Preschool works for kids, if they actually go to preschool, that is.
HEALTH CARE
National Review takes a deeper look at the results of a study that attributes a decline in the number of preventable deaths to Romneycare in Massachusetts and concludes Medicaid could never accomplish the same thing.
TRANSPORTATION
Four people were injured when an MBTA bus in Randolph veered off the road and crashed into a utility pole.
ENERGY/ENVIRONMENT
Dog flu turns up in Massachusetts.
The state has announced a new incentive program for solar farms if they are built on contaminated land and additional energy credits if the power that is produced is used to help clean-up the toxins.
CRIMINAL JUSTICE
A woman described by a federal prosecutor as the girlfriend of Sen. Mark Montigny received the highest score in a job interview for a Probation job in 2008 even though one of the interviewers said she was “woefully inadequate as far as her qualifications,” CommonWealth reports.
A Probation employee testifies he gave two, cash donations of $100 to Rep.

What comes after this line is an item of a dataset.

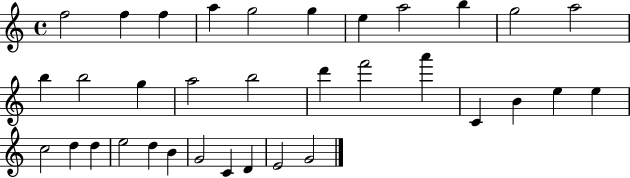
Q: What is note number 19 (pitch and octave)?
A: A6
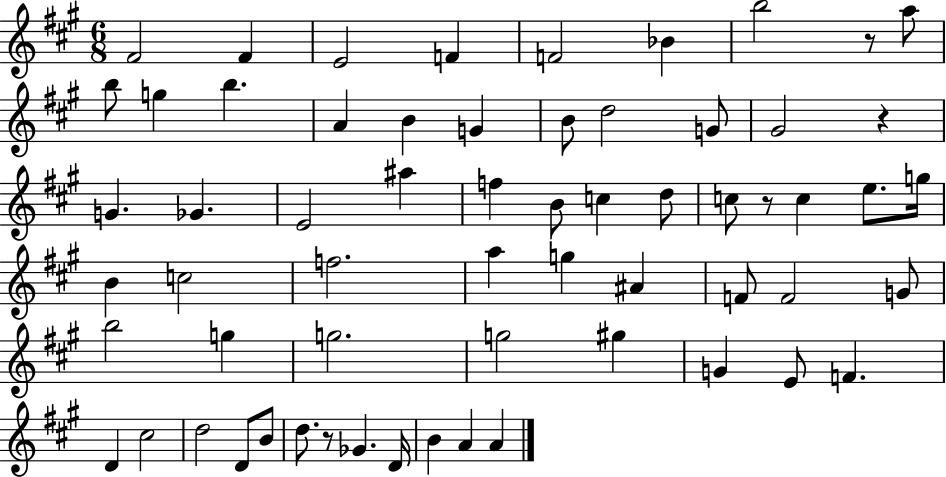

Thomas Petrolati through his superiors at the agency, but state law bars cash donations above $50 and the contributions themselves don’t show up in Petrolati’s campaign finance documents, CommonWealth reports.
The state’s highest court overturned a Norton man’s conviction of attempted rape of a child, saying Michael Buswell did not come close enough to having sex with the fictional 13-year-old girl who was created online by the Plymouth County sheriff department.
MEDIA
The Boston Globe calls on the FCC to preserve net neutrality.A Harry Potter spinoff is slated for a 2016 release, Time reports.